#### [WHAT IS EXPECTED]
Taking the line that contains "Tenis casuales tipo" as the start and the last line of the data as the end, repeat exactly every line in that span, but no pictures.

[Collection entries]

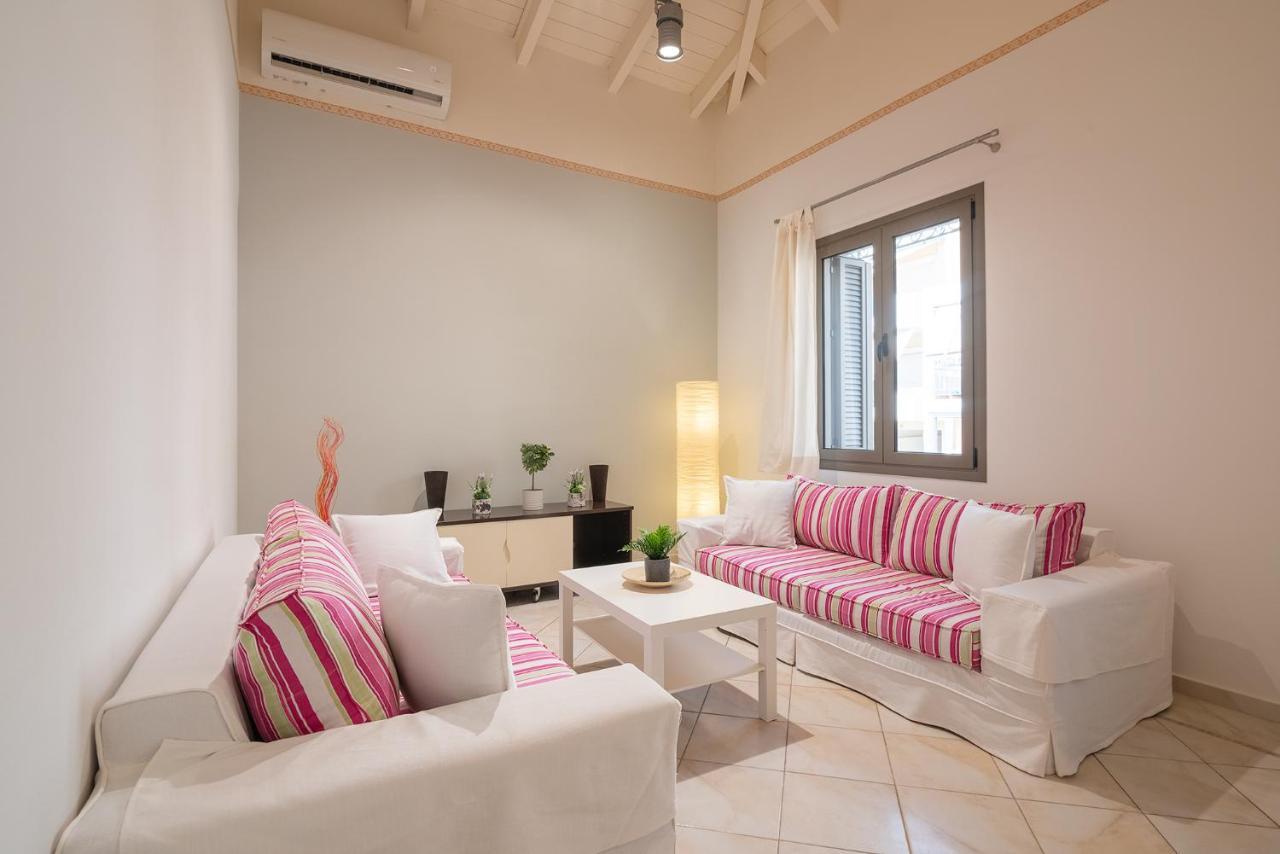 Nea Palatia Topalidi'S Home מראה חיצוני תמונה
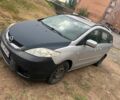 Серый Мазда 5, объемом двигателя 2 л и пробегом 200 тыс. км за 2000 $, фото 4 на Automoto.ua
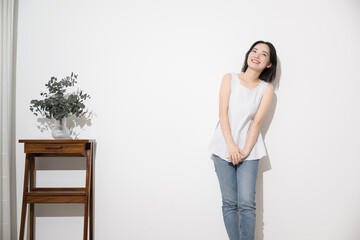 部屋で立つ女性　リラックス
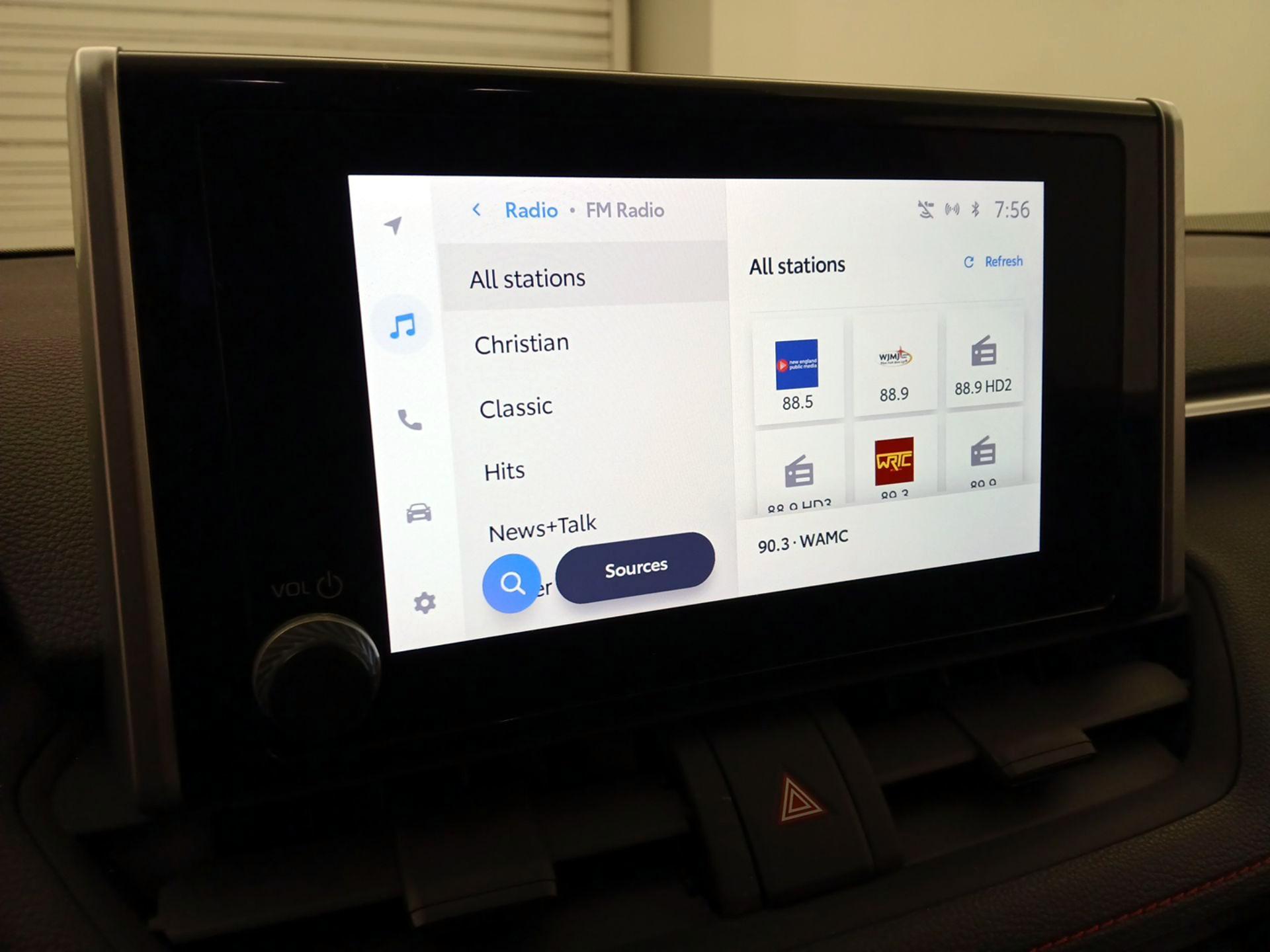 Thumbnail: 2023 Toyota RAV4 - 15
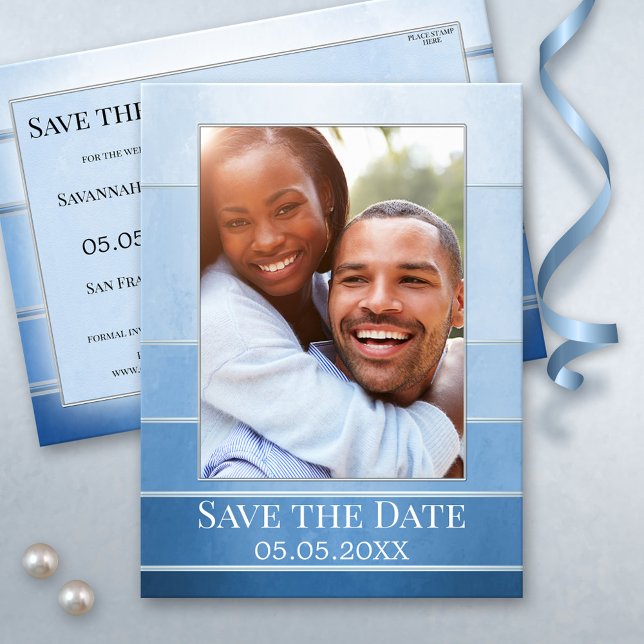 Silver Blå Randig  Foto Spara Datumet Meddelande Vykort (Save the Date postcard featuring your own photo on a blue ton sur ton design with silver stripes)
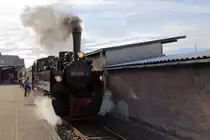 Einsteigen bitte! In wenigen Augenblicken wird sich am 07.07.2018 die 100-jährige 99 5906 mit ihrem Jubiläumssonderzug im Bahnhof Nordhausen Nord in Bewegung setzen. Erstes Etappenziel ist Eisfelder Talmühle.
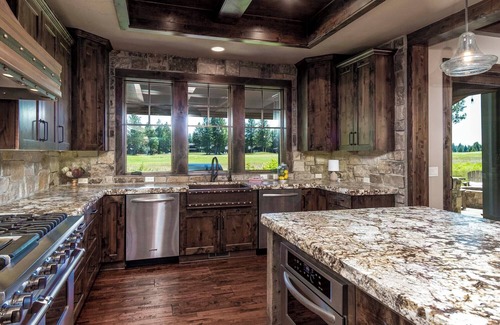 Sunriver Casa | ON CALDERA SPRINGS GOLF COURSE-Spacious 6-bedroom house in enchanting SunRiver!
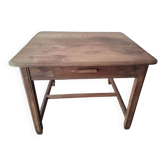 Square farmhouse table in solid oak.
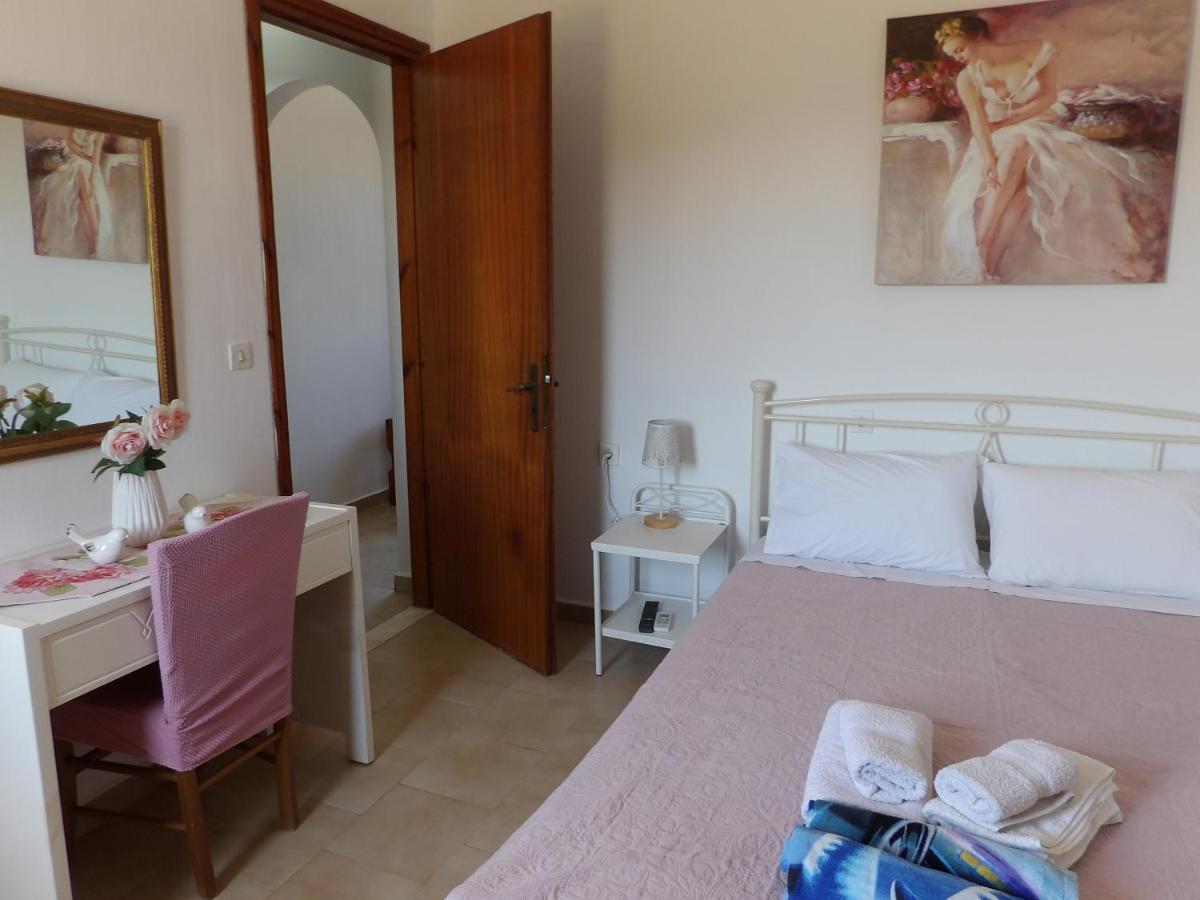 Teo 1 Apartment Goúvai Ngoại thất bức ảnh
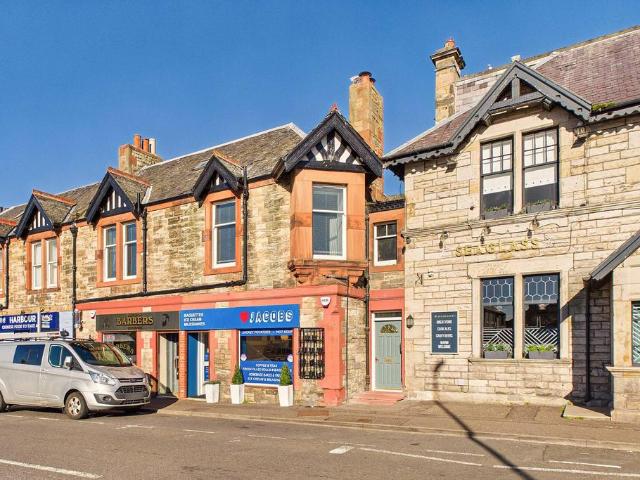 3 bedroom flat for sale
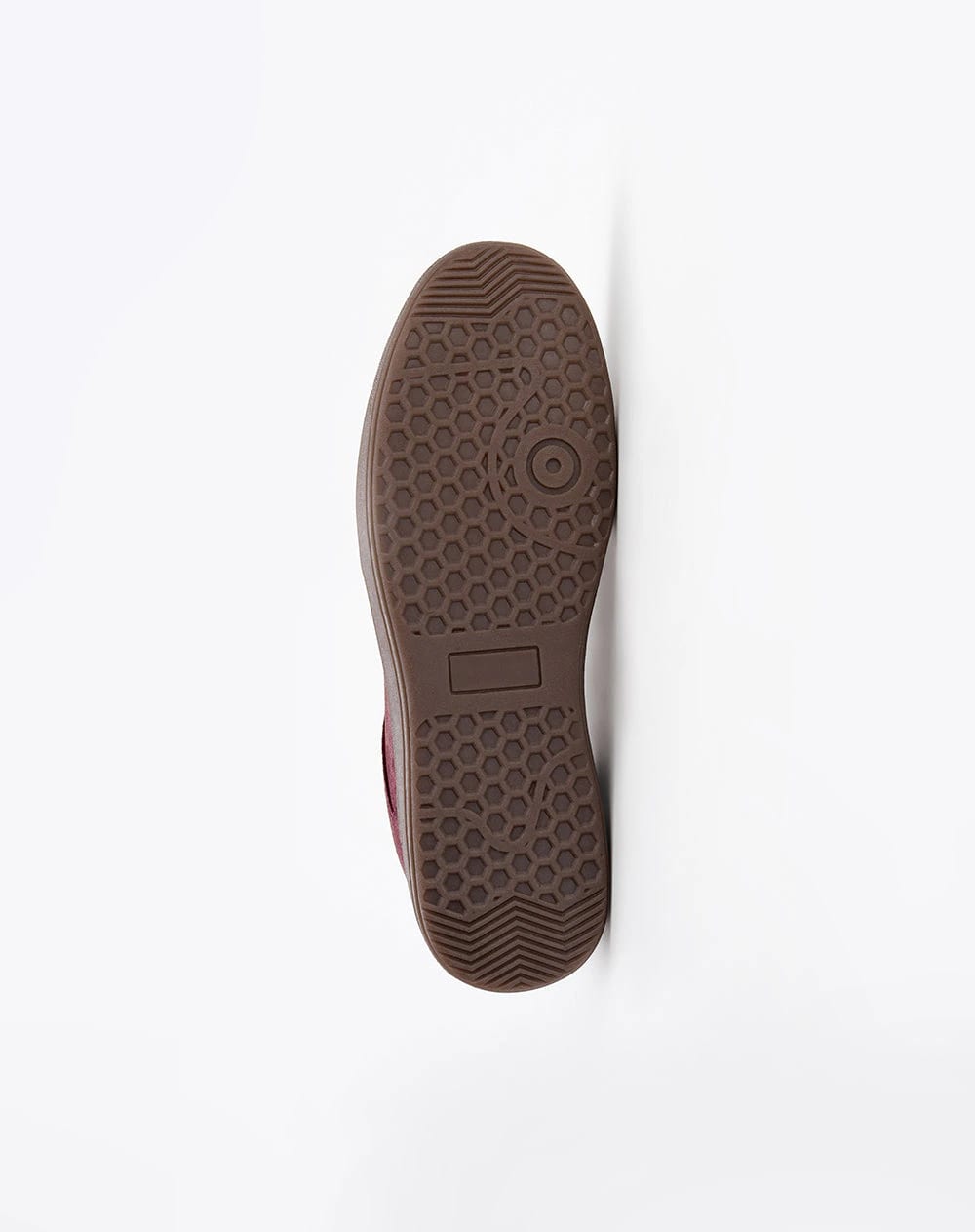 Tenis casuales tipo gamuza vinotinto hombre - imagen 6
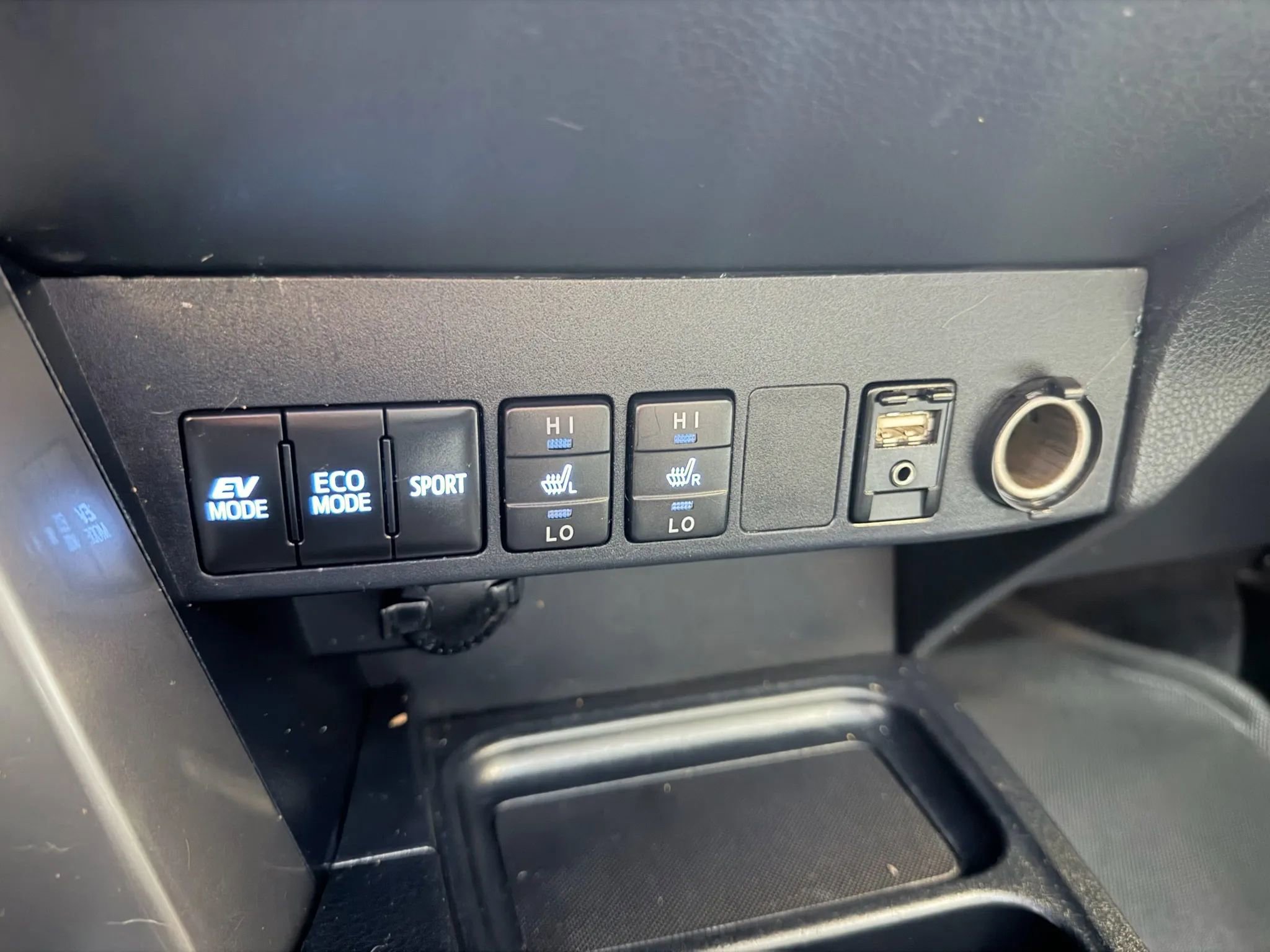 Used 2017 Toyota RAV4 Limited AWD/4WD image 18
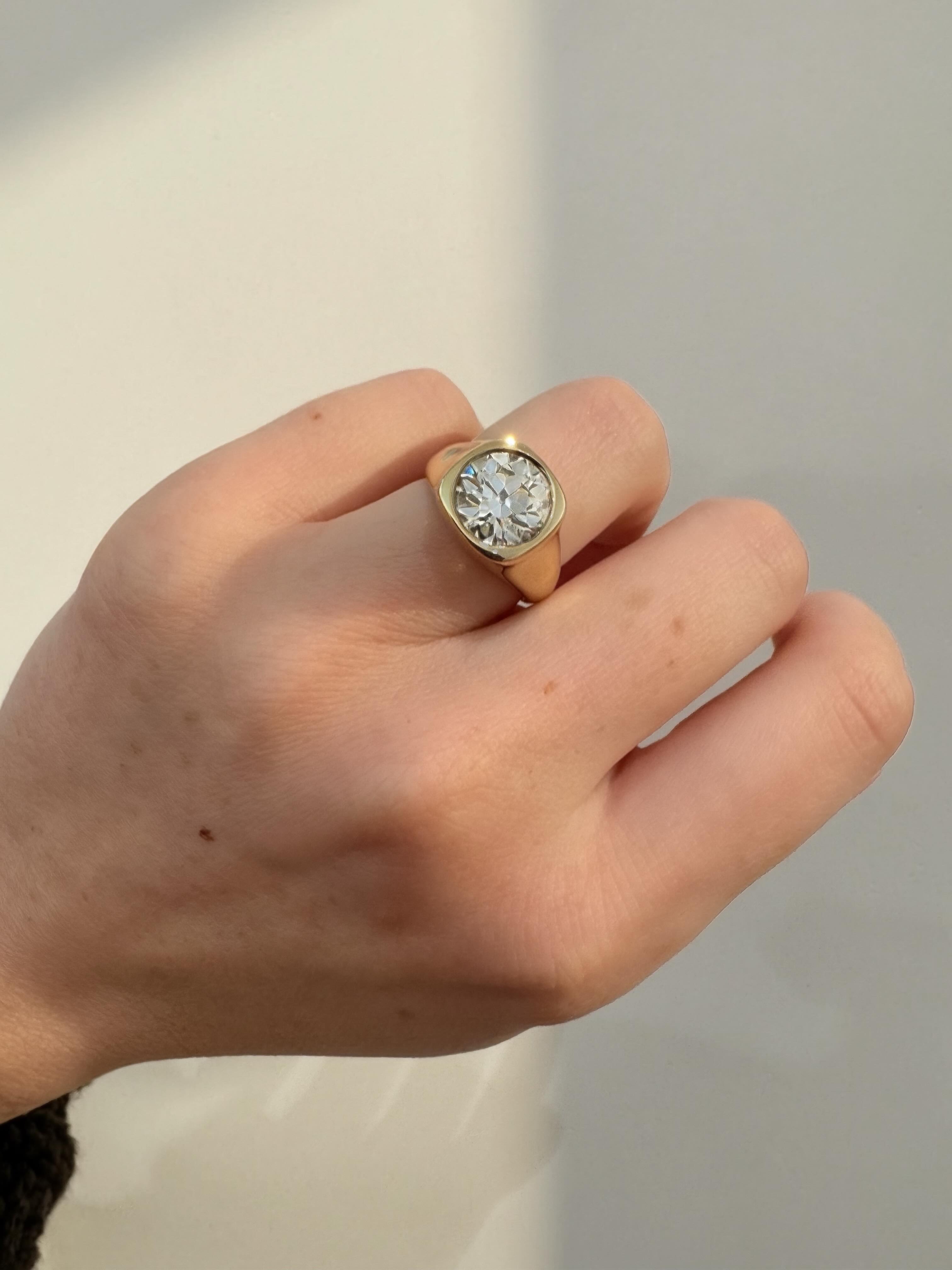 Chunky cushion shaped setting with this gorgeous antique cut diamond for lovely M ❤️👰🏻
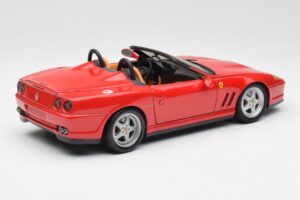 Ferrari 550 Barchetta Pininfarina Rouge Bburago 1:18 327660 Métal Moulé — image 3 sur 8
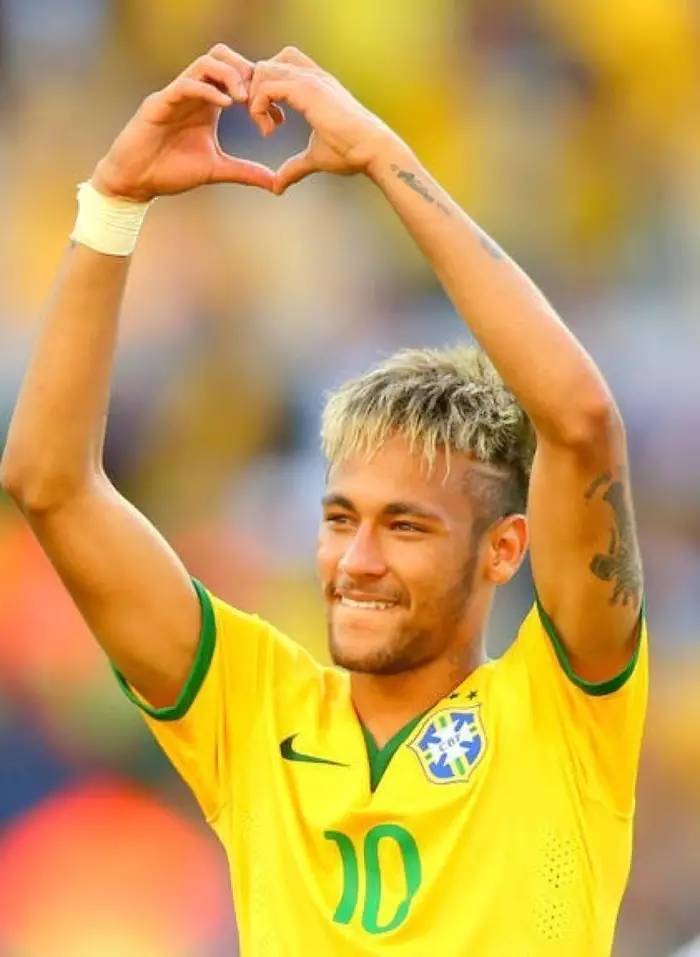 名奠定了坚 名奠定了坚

#### [ANSWER BOX]
 Tenis casuales tipo gamuza vinotinto hombre - imagen 6
 Used 2017 Toyota RAV4 Limited AWD/4WD image 18
 Chunky cushion shaped setting with this gorgeous antique cut diamond for lovely M ❤️👰🏻
 Ferrari 550 Barchetta Pininfarina Rouge Bburago 1:18 327660 Métal Moulé — image 3 sur 8
 名奠定了坚 名奠定了坚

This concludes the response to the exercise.